IGARSS 2010 - 2010 IEEE International Geoscience and Remote Sensing Symposium - July 25 - 30, 2010 - Honolulu, Hawaii, USA

FD-2: Advanced Classification Techniques for Remote Sensing

Sunday, July 25, 08:30 - 17:30

Presented by

Ranga Raju Vatsavai, Surya S. Durbha

Abstract

Supervised learning (classification) is the most widely used technique for thematic classifification of remote sensing images. Statistical pattern recognition algorithms, especially the maximum likelihood classififier is most extensively studied and utilized for classification of multi-spectral images. Decision trees and neural networks have also been widely applied for multisource (remote sensing images and ancillary geospatial databases) classification.
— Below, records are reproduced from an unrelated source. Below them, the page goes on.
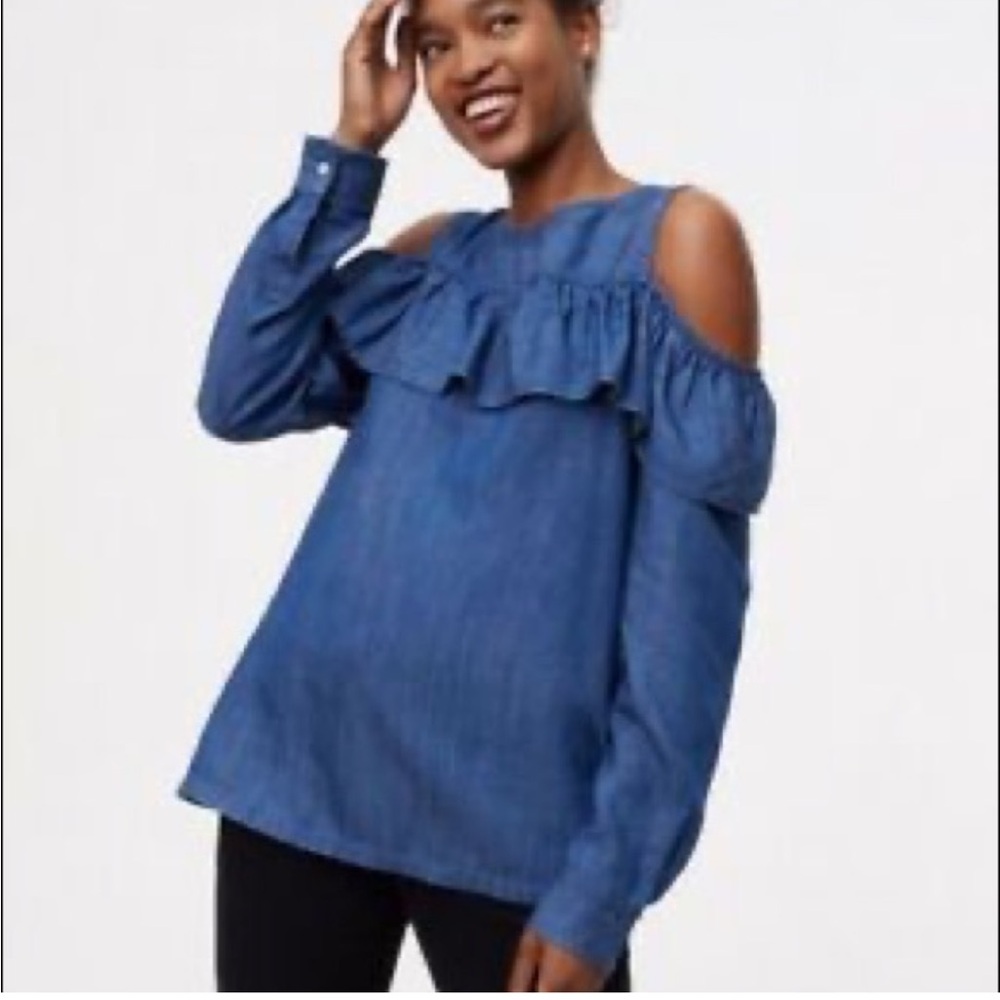 $6💙Bundled LOFT Ruffled Cold Shoulder Top
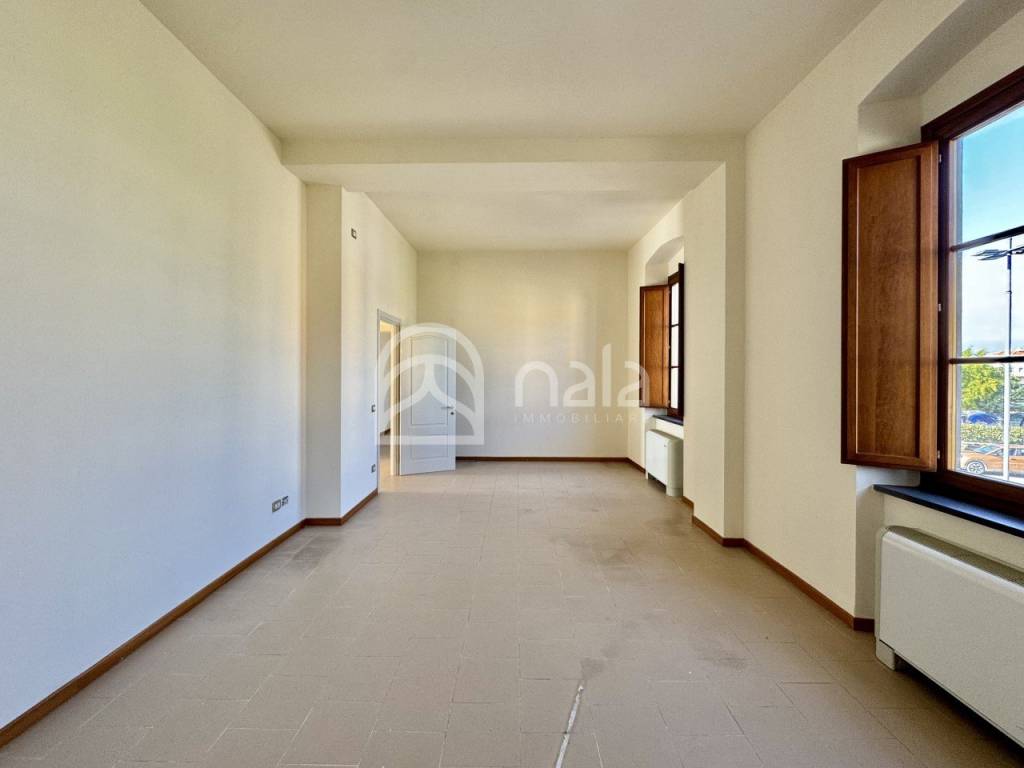 ufficio in vendita a Lucca in zona zona San Vito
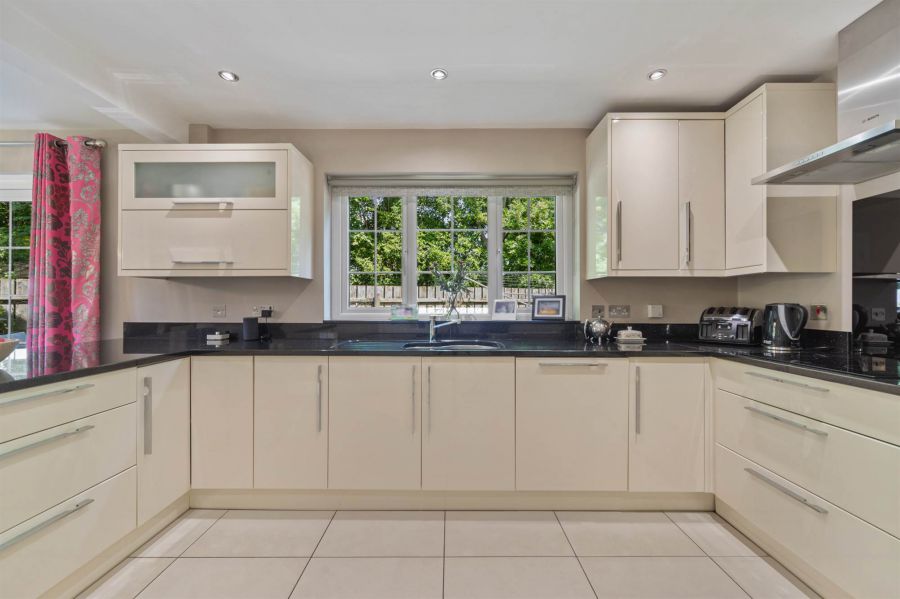 5 Campbell Chase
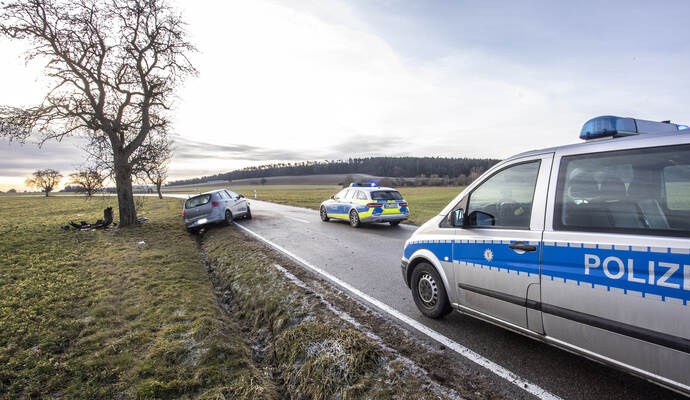 Der Autofahrer musste mit einem Rettungshubschrauber in ein Krankenhaus gebracht werden.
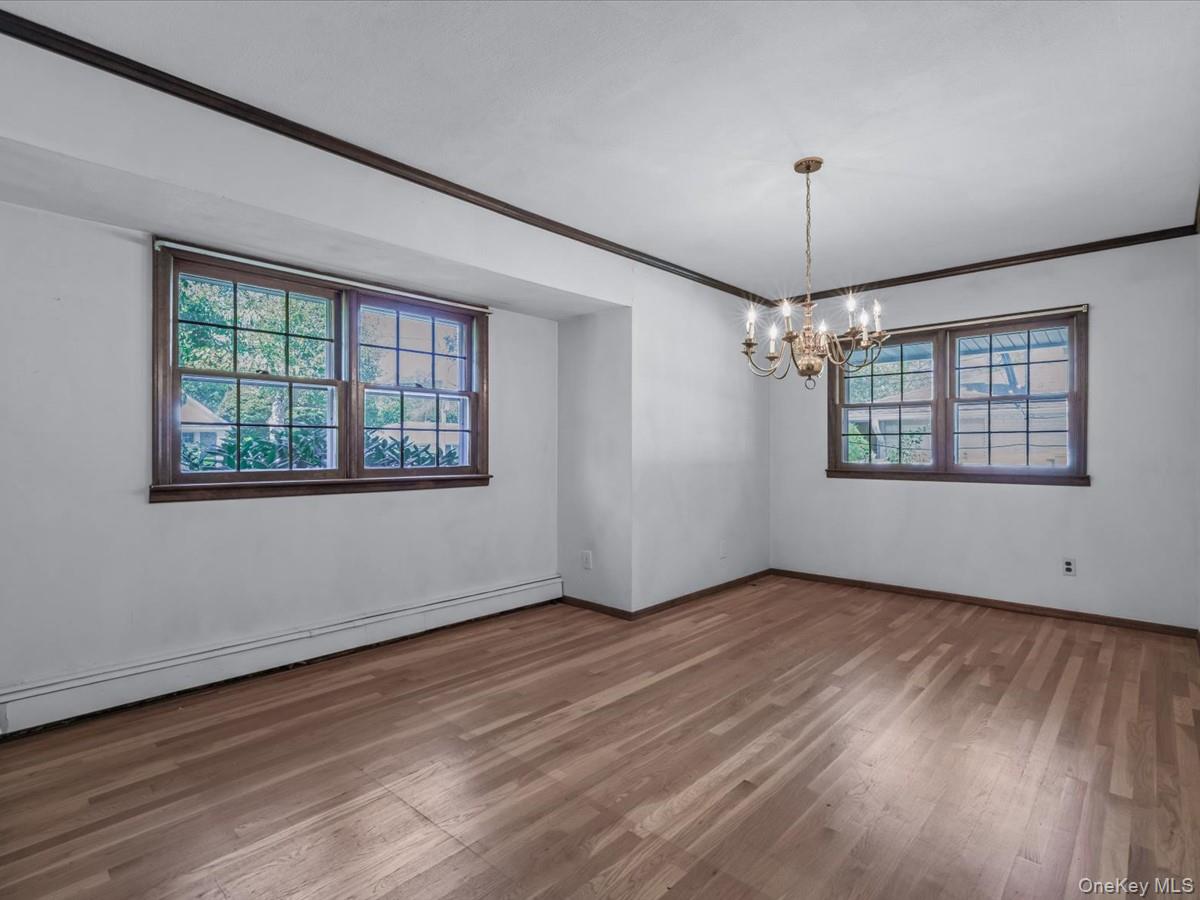 7 Romeo Lane, Commack, NY 11725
However, recent advances in remote sensing technology, especially improved spectral, spatial, and temporal resolutions, puts several constraints on the traditional classification algorithms. For example, increasing spectral and temporal resolution requires large number of training samples (typically 10 to 100 times the number of bands), and increasing spatial resolution invalidates the fundamental assumption that the training samples are independent and identically distributed (iid). These advancements in remote sensing data have prompted the development of advanced classification algorithms to overcome some of the challenges posed by new datasets. Unfortunately these new algorithms have been connected mostly to the academic researchers, and the current commercial implementations are oblivious to these advances. This tutorial tries to fill this gap by bringing the recent advances to the practitioners.

Speaker Biographies

Dr. Ranga Raju Vatsavai is a research scientist in the Computational Sciences and Engineering Division at the Oak Ridge National Laboratory since December 2006. He received his masters and doctoral degree in computer science from the University of Minnesota. He has been conducting research in the area of remote sensing, spatial databases, and data mining for the past 20 years. Before joining ORNL, he worked at IBM-Research (2004-06; IIT-Delhi campus), Remote Sensing Lab at the U of Minnesota (1999-2004; Twin-cities, MN), AT&T Labs (1998; Middletown, NJ), Center for Development of Advanced Computing (1995-98; C-DAC, Pune, India), and National Forest Data Management Center (1990-95; FRI Campus, Dehradun, India). He has published over fifty peer-reviewed articles and served on program committees of several international conferences including ACM SIGKDD and SDM. He co-organized several workshops with leading conferences (Sensor-KDD and SSTDM) and co-edited two books. He also contributed to several highly successful software systems in various capacities (UMN-MapServer a world leading open source WebGIS, *Miner a spatiotemporal data mining workbench, EASI/PACE Parallel Fly!, Parallel SAR, and the first parallel softcopy photogrammetry system for IRS-1C/1D satellites). His research interests include remote sensing, data mining, machine learning, parallel computing, and computational geoinformatics.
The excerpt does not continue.